### Exercise prompt
Pull every line holding the string "Coupling" from the records below.

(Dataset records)
□ □ □ □ □

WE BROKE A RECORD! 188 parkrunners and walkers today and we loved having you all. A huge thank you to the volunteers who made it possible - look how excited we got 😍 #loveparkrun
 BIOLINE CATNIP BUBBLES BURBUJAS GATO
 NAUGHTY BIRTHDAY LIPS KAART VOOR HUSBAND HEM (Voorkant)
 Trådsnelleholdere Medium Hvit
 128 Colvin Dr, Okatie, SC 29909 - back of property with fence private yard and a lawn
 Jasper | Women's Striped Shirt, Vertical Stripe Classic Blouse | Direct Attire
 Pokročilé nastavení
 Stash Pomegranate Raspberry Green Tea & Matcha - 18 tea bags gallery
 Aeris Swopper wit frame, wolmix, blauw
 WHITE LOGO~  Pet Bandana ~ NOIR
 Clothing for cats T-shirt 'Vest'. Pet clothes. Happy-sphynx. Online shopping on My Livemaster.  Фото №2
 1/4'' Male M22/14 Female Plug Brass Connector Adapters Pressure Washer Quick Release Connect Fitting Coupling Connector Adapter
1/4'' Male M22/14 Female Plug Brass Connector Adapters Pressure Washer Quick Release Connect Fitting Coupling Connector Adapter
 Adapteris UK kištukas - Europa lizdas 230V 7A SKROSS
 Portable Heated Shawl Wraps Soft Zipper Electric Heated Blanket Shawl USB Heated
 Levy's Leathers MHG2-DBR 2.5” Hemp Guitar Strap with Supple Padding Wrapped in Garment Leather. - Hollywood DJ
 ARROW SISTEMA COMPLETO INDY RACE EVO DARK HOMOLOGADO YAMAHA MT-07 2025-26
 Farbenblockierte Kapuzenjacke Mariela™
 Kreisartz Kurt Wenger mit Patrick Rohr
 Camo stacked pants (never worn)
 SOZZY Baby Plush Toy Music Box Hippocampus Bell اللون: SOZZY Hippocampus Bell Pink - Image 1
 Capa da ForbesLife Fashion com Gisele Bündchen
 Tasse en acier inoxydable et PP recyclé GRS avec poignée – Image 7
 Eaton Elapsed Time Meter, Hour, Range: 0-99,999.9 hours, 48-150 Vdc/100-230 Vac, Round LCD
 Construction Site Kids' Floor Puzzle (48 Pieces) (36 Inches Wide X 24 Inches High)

□ □ □ □ □

### Your solution
 1/4'' Male M22/14 Female Plug Brass Connector Adapters Pressure Washer Quick Release Connect Fitting Coupling Connector Adapter
1/4'' Male M22/14 Female Plug Brass Connector Adapters Pressure Washer Quick Release Connect Fitting Coupling Connector Adapter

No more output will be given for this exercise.